Segundo um estudo sueco publicado recentemente, não são apenas os atletas de fim de semana que correm risco com atividades físicas. Esportistas profissionais que praticam modalidades como futebol correm mais risco de desenvolver osteoartrite nos joelhos e quadris do que as pessoas que fazem pouco ou nenhum exercício.

 

Essa notícia foi publicada no Jornal Folha de São Paulo e você confere abaixo:

 

O estudo mostrou risco duas vezes maior em jogadores de futebol ou handebol, e três vezes maior em jogadores de hóquei. O estudo foi publicado no "American Journal of Sports Medicine". O trabalho foi feito com mais de 700 atletas aposentados, com idades entre 50 anos e 93 anos e quase 1.400 homens da mesma idade que se exercitaram pouco ou nada.

 

A osteoartrite ocorre quando há um desgaste excessivo da cartilagem que amortece as articulações.

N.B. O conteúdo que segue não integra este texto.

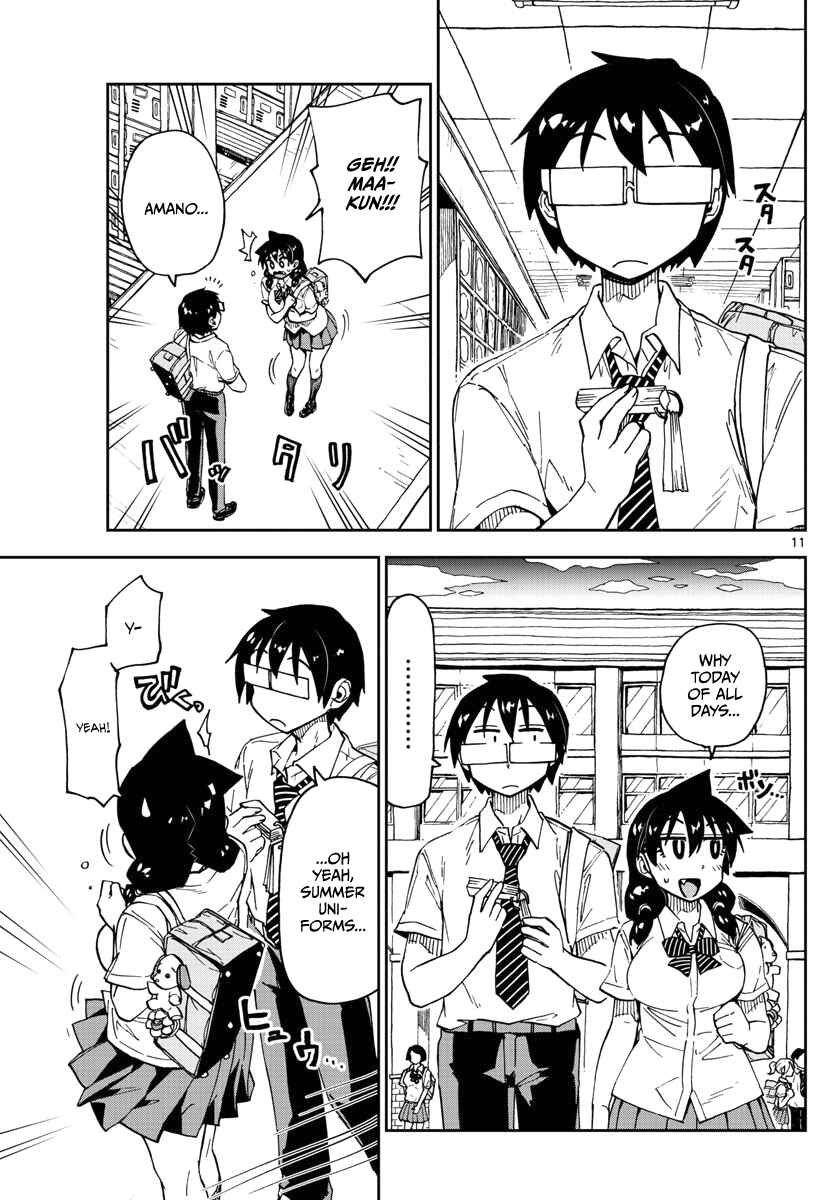 Page 11 Chapter 121 Amano Megumi wa Suki Darake!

Nesse caso, os ossos acabam raspando um no outro, causando dor.

 

LESÕES E CUIDADOS

Segundo o fisiologista do esporte do Hospital do Coração, Diego Leite de Barros, lesões ósseas e musculares fazem parte da rotina de quem escolheu essa profissão.

 

"Esporte de rendimento não é uma atividade física saudável. Os atletas abrem mão de parte de sua saúde em busca de performance", diz.

 

Barros aponta que o principal fator para a ocorrência de lesões, seja em profissionais, seja em amadores, são altas cargas de treinamento em curto período de tempo.

 

Com o esforço excessivo, não há tempo para o corpo usar seus mecanismos de recuperação. O principal deles é o próprio músculo, que protege ossos e articulações, desde que seja exercitado da maneira correta.

 

Apesar de o estudo sueco ter sido focado nos homens, esportes de impacto podem ser perigosos para ambos os sexos. Segundo um levantamento feito pelo Instituto do Joelho do HCor em outubro, em 2011 foi observada uma alta de 20% no número de mulheres atendidas com lesões nessa articulação na comparação com 2010.

 

A elevação é atribuída à tendência atual das mulheres de praticarem esportes de impacto como futebol e corrida de aventura, antes redutos masculinos.